** PROBLEM **
Restate word for word the lines in the listing below, starting at the line containing "Cantora Evangelica Amo" and ending at the line containing "Wenn der Kitsch", both included; leave out the rest.

** RECORDS SUPPLIED **

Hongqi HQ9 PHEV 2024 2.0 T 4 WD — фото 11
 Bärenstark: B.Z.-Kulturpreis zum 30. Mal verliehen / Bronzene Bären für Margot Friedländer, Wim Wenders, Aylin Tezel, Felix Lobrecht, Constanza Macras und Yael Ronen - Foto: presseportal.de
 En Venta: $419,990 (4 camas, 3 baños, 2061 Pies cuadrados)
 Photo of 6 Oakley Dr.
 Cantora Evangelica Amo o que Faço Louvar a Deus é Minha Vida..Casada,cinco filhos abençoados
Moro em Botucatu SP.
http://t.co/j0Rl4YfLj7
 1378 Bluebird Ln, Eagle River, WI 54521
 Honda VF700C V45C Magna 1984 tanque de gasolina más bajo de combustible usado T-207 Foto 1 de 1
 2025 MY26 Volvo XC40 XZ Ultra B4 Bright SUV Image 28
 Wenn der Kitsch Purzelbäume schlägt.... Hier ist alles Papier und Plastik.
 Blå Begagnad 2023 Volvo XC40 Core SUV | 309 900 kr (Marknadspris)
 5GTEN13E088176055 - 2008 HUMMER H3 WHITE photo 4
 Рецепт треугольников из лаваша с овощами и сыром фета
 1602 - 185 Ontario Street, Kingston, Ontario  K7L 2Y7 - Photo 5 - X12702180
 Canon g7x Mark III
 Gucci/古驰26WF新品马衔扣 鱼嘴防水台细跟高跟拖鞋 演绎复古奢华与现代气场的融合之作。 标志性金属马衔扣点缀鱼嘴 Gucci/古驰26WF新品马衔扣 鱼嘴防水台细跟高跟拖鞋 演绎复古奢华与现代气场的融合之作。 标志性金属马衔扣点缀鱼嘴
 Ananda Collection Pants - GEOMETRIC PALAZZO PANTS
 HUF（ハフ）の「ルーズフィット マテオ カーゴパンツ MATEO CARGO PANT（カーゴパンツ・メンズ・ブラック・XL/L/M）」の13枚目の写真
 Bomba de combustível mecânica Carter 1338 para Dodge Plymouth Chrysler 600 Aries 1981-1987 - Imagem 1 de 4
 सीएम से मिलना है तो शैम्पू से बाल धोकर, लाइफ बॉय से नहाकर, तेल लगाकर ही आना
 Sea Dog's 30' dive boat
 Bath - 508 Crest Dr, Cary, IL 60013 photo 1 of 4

** WRITTEN RESPONSE **
 Cantora Evangelica Amo o que Faço Louvar a Deus é Minha Vida..Casada,cinco filhos abençoados
Moro em Botucatu SP.
http://t.co/j0Rl4YfLj7
 1378 Bluebird Ln, Eagle River, WI 54521
 Honda VF700C V45C Magna 1984 tanque de gasolina más bajo de combustible usado T-207 Foto 1 de 1
 2025 MY26 Volvo XC40 XZ Ultra B4 Bright SUV Image 28
 Wenn der Kitsch Purzelbäume schlägt.... Hier ist alles Papier und Plastik.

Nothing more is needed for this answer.